È vero, infatti, che da sempre i codici penali prevedono come delitti, a difesa della società, gli atti violenti contro le istituzioni, le aggressioni all’ordine pubblico e le forme più estreme di “contestazione”.
Ma ciò che distingue i sistemi democratico/liberali da quelli autoritari è l’entità della repressione e le forme che essa assume: mentre i sistemi democratico/liberali tendono a minimizzarla e a circondare di garanzie il suo esercizio, quelli autoritari la usano come strumento ordinario di governo, azzerando o riducendo al massimo i diritti di chi vi è sottoposto.
Per questo si può dire che oggi il livello di democraticità di un sistema si misura, più che in base al suo sistema elettorale, in base al grado di repressione politica che esso esercita.

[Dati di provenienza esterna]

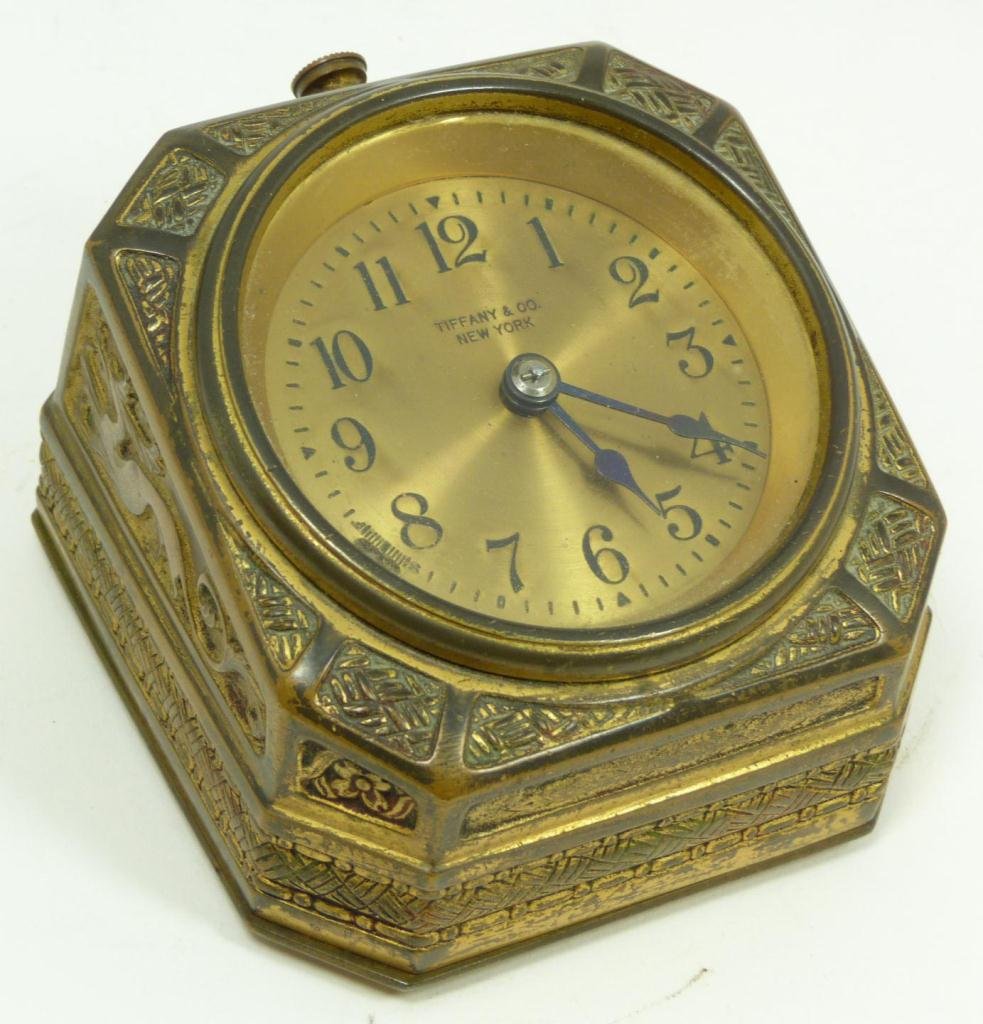 TIFFANY STUDIOS SPANISH BRONZE DESK CLOCK: Old Tiffany Studios "Spanish" bronze desk clock. Has gold tone face with black enamel numerals and notches. Tiffany & Co., New York to face. Black hour and minute hands. Impressed TIFFANY STUDIOS NEW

Ci sono casi di scuola di regimi che, pur prevedendo periodiche elezioni (più o meno libere), sono universalmente ritenuti illiberali perché caratterizzati da una repressione indiscriminata del dissenso e/o delle minoranze: l’Iran degli ayatollah, la Russia di Putin, la Turchia di Erdoğan, l’Egitto di Al Sisi, l’Israele di Netanyahu (non solo oggi ma da decenni dedita a un violento apartheid nei confronti della popolazione palestinese), etc.
Non è la situazione ordinaria dei paesi occidentali, ma le differenze si stanno attenuando, ché questi ultimi rispondono sempre più alla crisi di consenso e di partecipazione che li attraversa con un surplus di repressione del dissenso radicale [1].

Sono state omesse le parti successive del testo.